I knew when Brit Hume made his innocuous (to me) comments that a strong backlash would develop… I knew because I know the leftist mind and particularly the mind of those who find bigotry in any exclusive claim and yet thankfully, there are those who see through the charge of intolerance and in fact see it for what it is.
After urging Tiger Woods to accept the “forgiveness and redemption that is offered by the Christian faith” — and comparing Buddhism unfavorably to that hope — journalist Brit Hume insisted he was not proselytizing. In this, he is wrong. His words exemplify proselytization.

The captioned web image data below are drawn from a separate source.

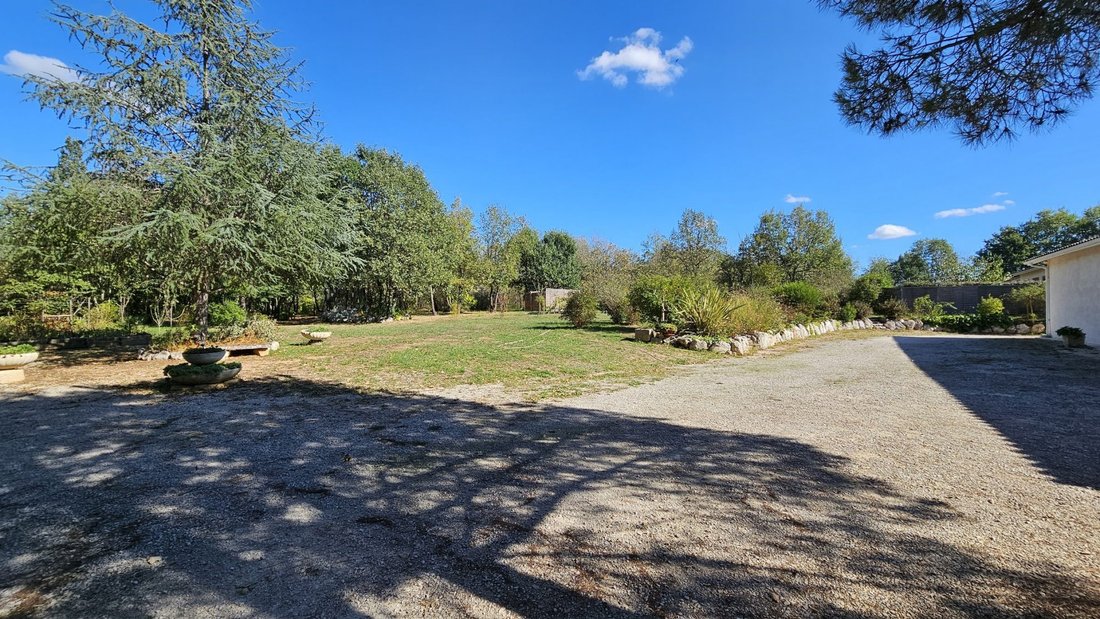 Villa in Pomponne, Montauban, France 4 - 13451837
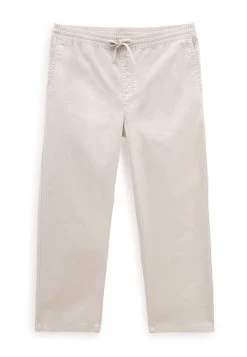 Vans Range - Broek - Light Beige -Mode Verkoop 2bf52d7b23f44ae98c96e55b56095364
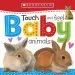PDF Touch and Feel Baby Animals by Scholastic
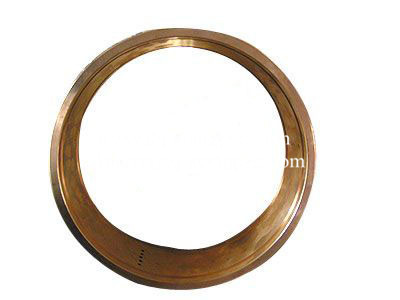 XCMG Motor Grader PARTS copper bushing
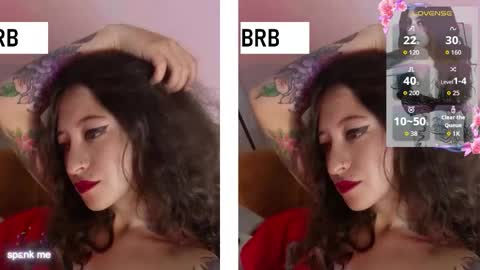 Snapshot of roshhell chatting on December 2025 08:01:01 AM Rosh Hell online show from December 2025 08:01:01 AM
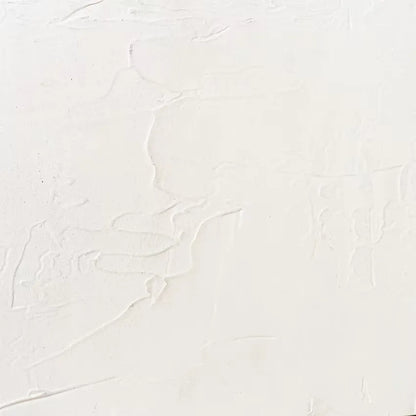 Bibliothèque Japandi Basse 2 Portes 1 Niche Blanc Crème – Sartene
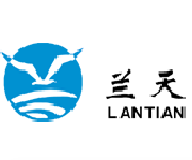 保定兰天市政材料厂Logo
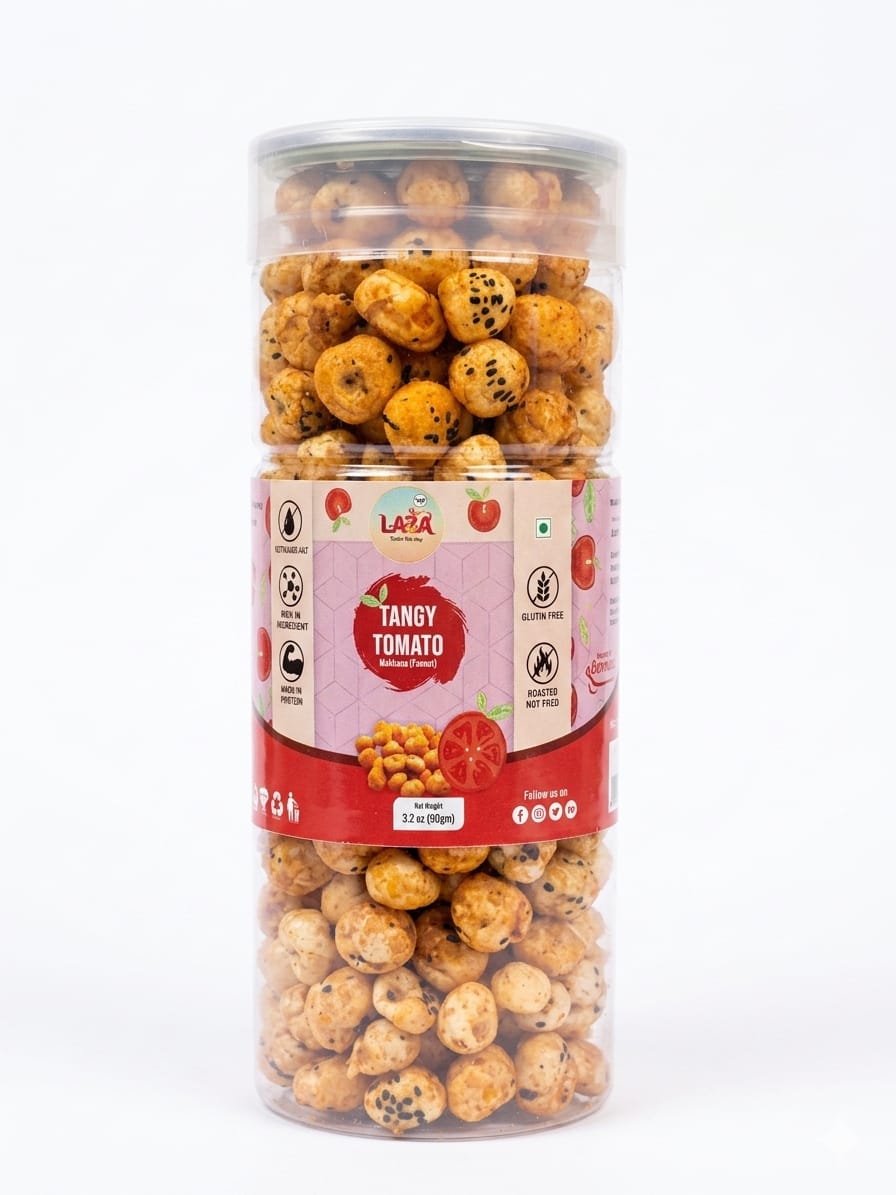 Tangy Tomato Foxnut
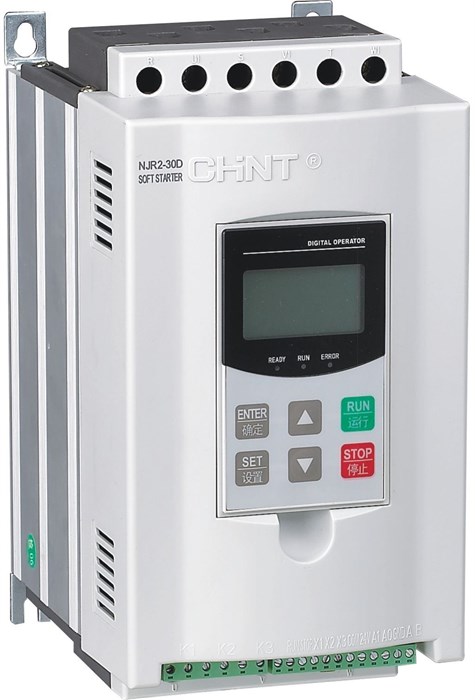 Устройство плавного пуска  CHINT 489026 1020352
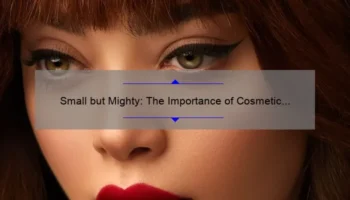 Small but Mighty: The Importance of Cosmetic Sample Containers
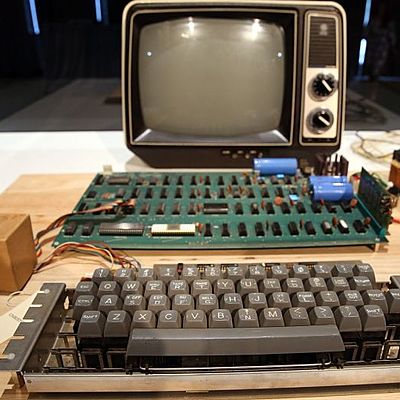 Timeline: Arvuti Ajalugu Veronika Hunt 5b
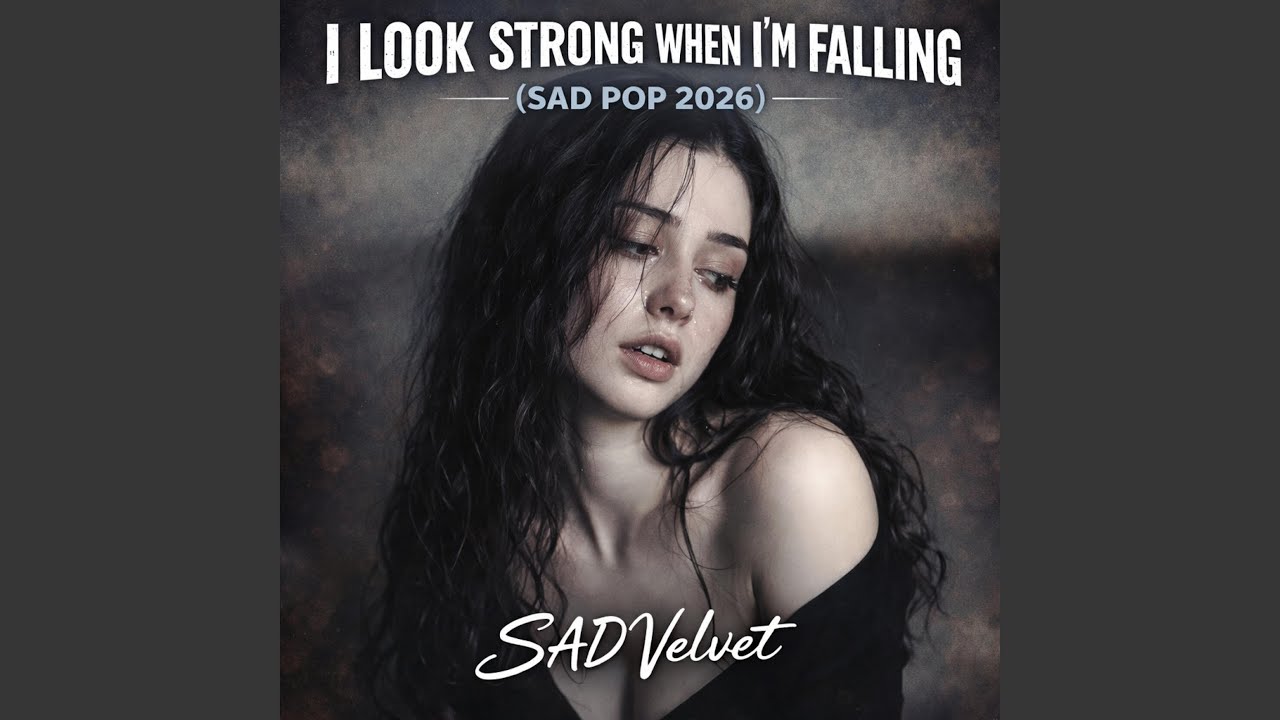 I Look Strong When I__ Am Falling (Sad Pop 2026)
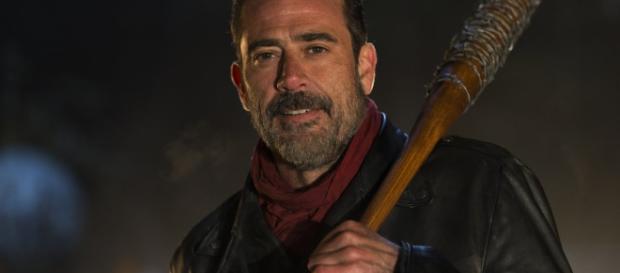 Lo que pasara en la temporada 9 con Negan Lo que pasara en la temporada 9 con Negan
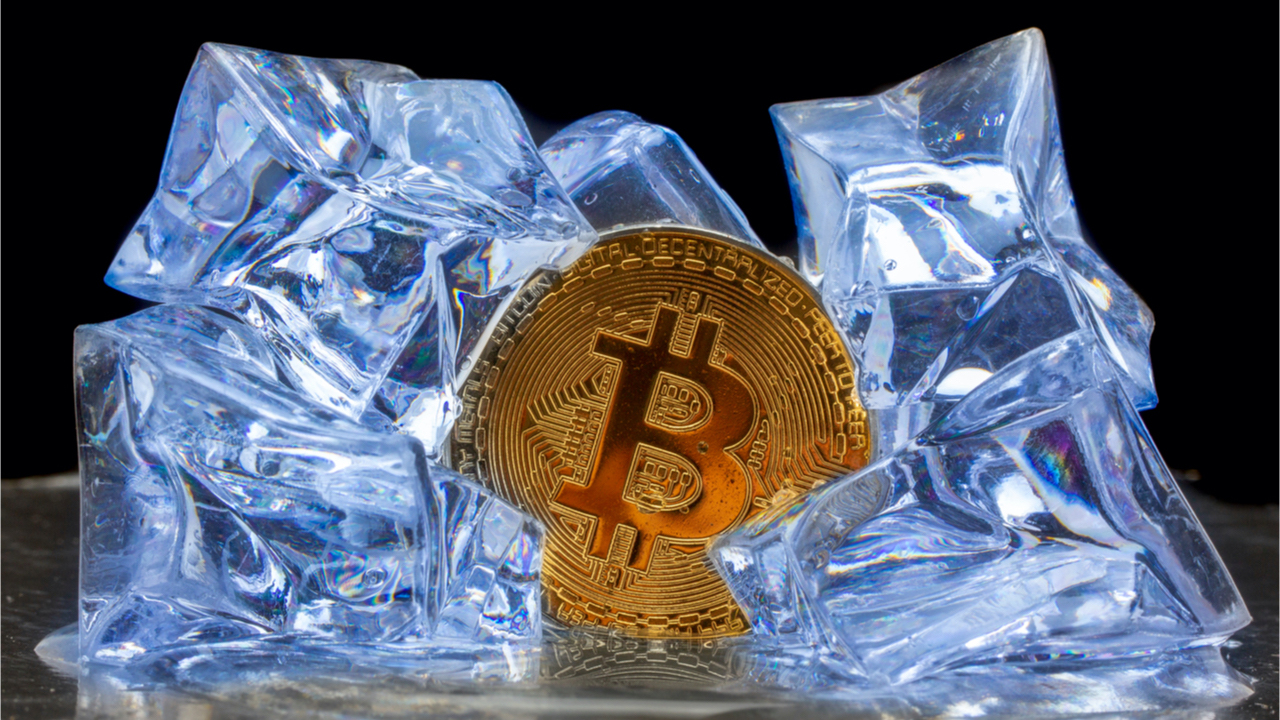 You are currently viewing Mid-Way Cool Down: Analysts Believe Bitcoin Price Cycle Is Incomplete, Trader Says BTC’s ‘Next Move Should Be Cycle’s Top’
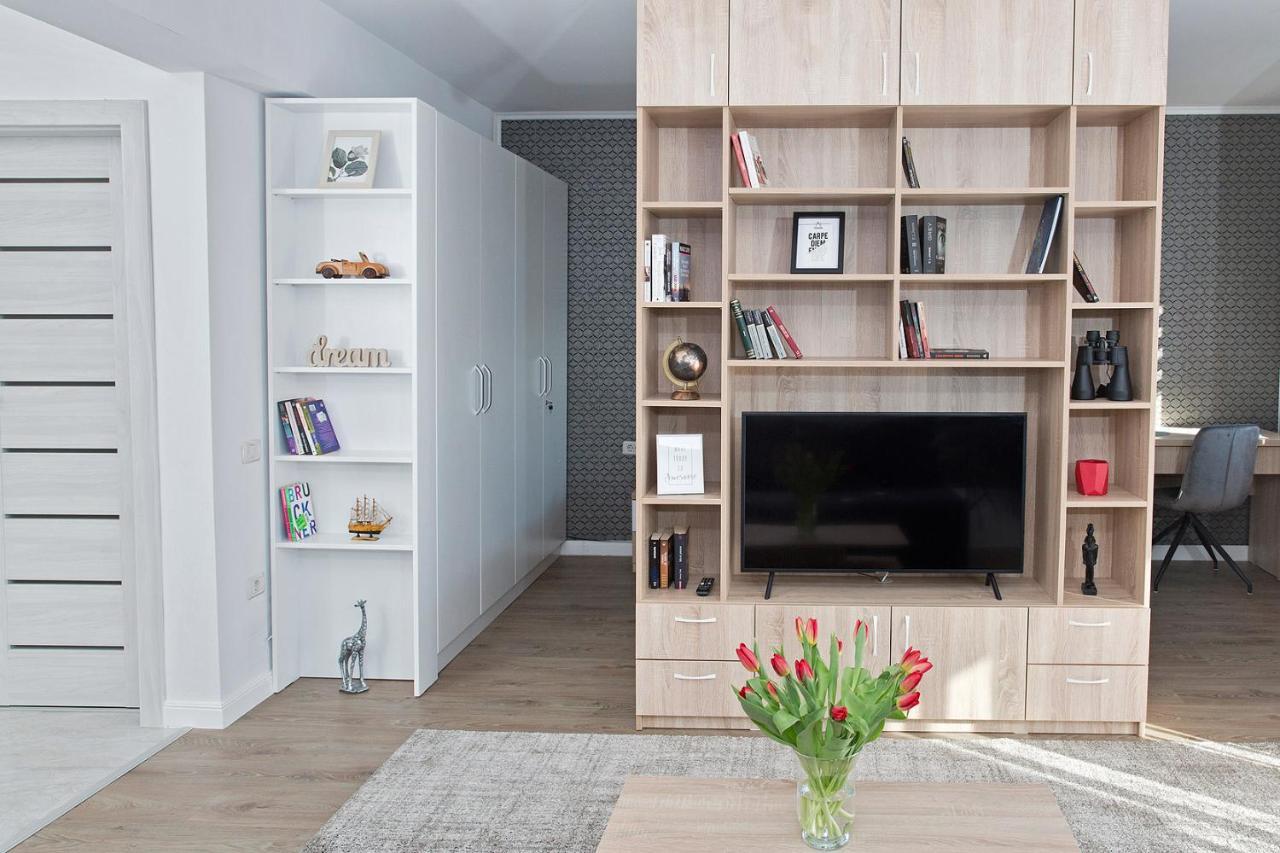 Panoramic Studio Oradea Zewnętrze zdjęcie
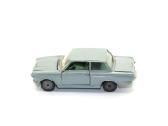 Modeliukas "Ford Consul Cortina", Сср kaina 10 eu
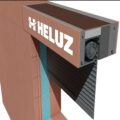nadproże roletowe heluz 600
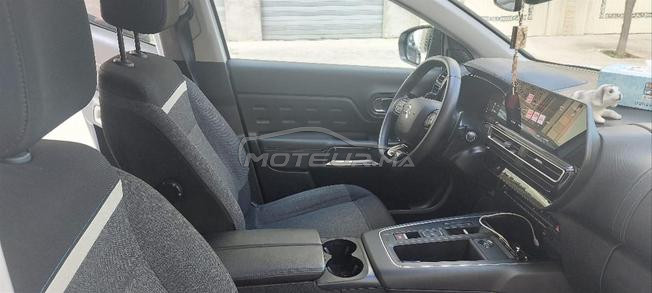 Citroën C5 aircross Automatique 2023 à Tanger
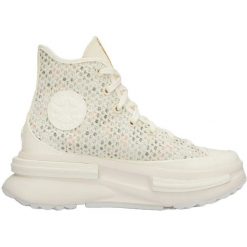 Adidasy Converse Run Star Legacy CX, Dla obu płci. Brązowe buty do biegania Converse, bez wzorów, bez zapięcia. Za 790.00 zł.
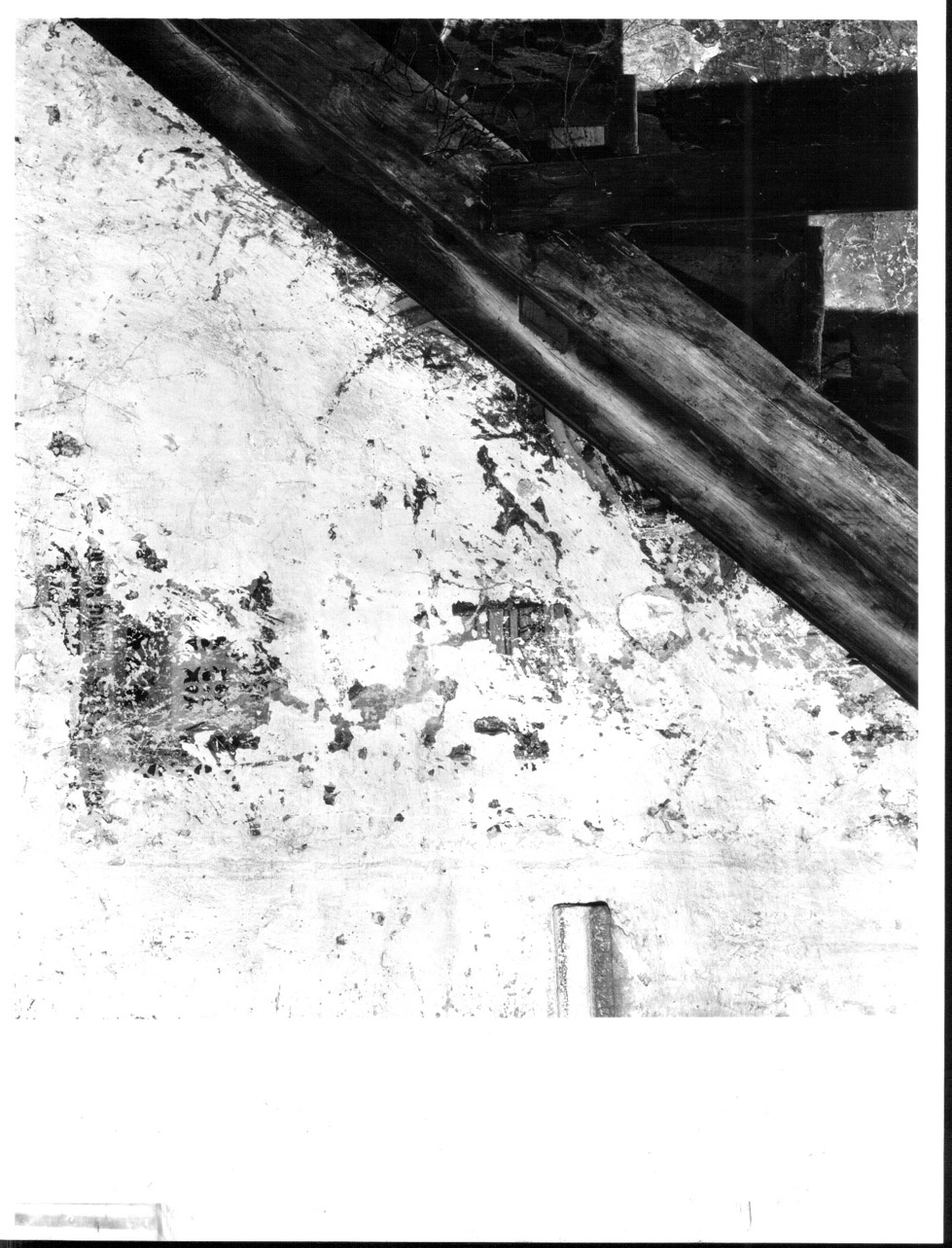 dipinto, opera isolata - ambito umbro (ultimo quarto sec. XV)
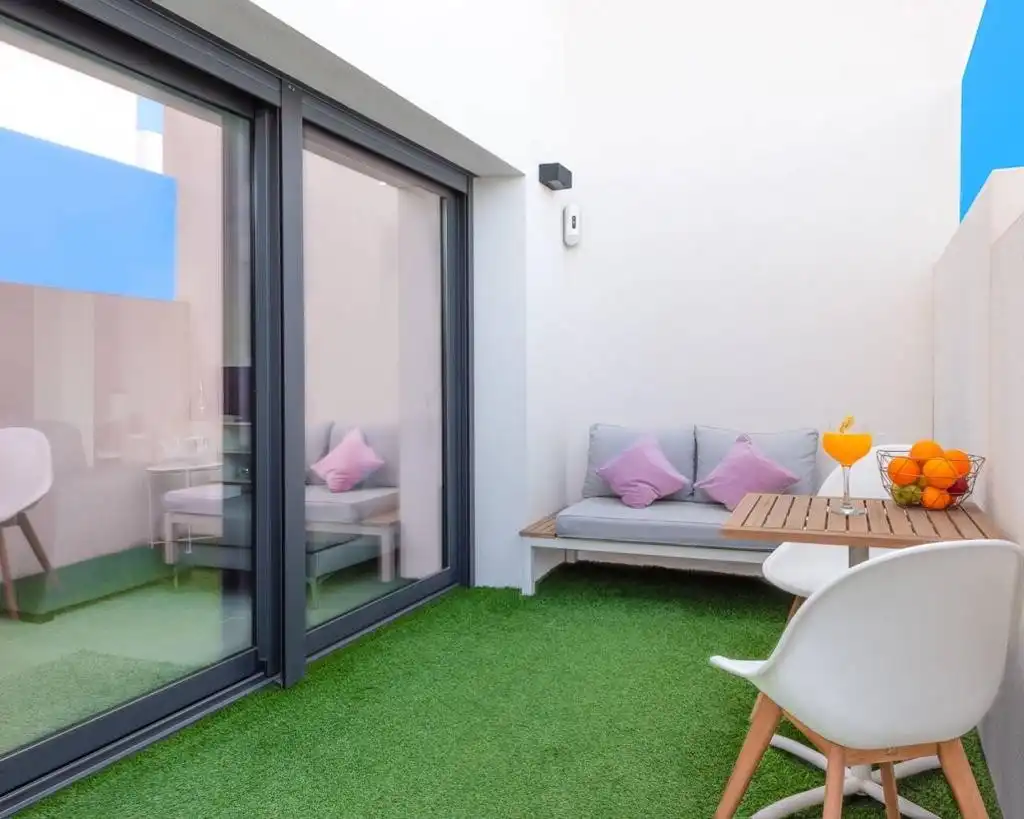 Casa con piscina in vendita a Benijófar, imagen 21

For this, Hume has been savaged. Post media critic Tom Shales put him in the category of a “sanctimonious busybody” engaged in “telling people what religious beliefs they ought to have.” Blogger Andrew Sullivan criticized Hume’s “pure sectarianism,” which helps abolish “the distinction between secular and religious discourse.” MSNBC’s David Shuster called Hume’s religious advice “truly embarrassing.”
Hume’s critics hold a strange view of pluralism. For religion to be tolerated, it must be privatized — not, apparently, just in governmental settings but also on television networks. We must have not only a secular state but also a secular public discourse. And so tolerance, conveniently, is defined as shutting up people with whom secularists disagree. Many commentators have been offering Woods advice in his travails. But religious advice, apparently and uniquely, should be forbidden. In a discussion of sex, morality and betrayed vows, wouldn’t religious issues naturally arise? How is our public discourse improved by narrowing it — removing references to the most essential element in countless lives?
True tolerance consists in engaging deep disagreements respectfully — through persuasion — not in banning certain categories of argument and belief from public debate.
In this controversy, we are presented with two models of discourse. Hume, in an angry sea of loss and tragedy — his son’s death in 1998 — found a life preserver in faith. He offered that life preserver to another drowning man. Whatever your view of Hume’s beliefs, he could have no motive other than concern for Woods himself.
The other model has come from critics such as Shales, in a spittle-flinging rage at the mention of religion in public, comparing Hume to “Mary Poppins on the joys of a tidy room, or Ron Popeil on the glories of some amazing potato peeler.” Shales, of course, is engaged in proselytism of his own — for a secular fundamentalism that trivializes and banishes all other faiths. He distributes the sacrament of the sneer.
Who in this picture is more intolerant?
It is the left that are the intolerant ones… it is the left that are filled most with hate… it is the left that are the most judgmental and narrow-minded… it is the left whose ranks are stock full of bigots, racists and dogmatists…
Remember this the next time you hear them make their claims against people like you and me, people with traditional values, people who do nothing more than attempt to make sense of their Christian faith and who attempt, in fits, starts, and at times failure, to live that faith out.
And thank God for a faith that offers forgiveness and redemption, uniquely, necessarily and yes, exclusively.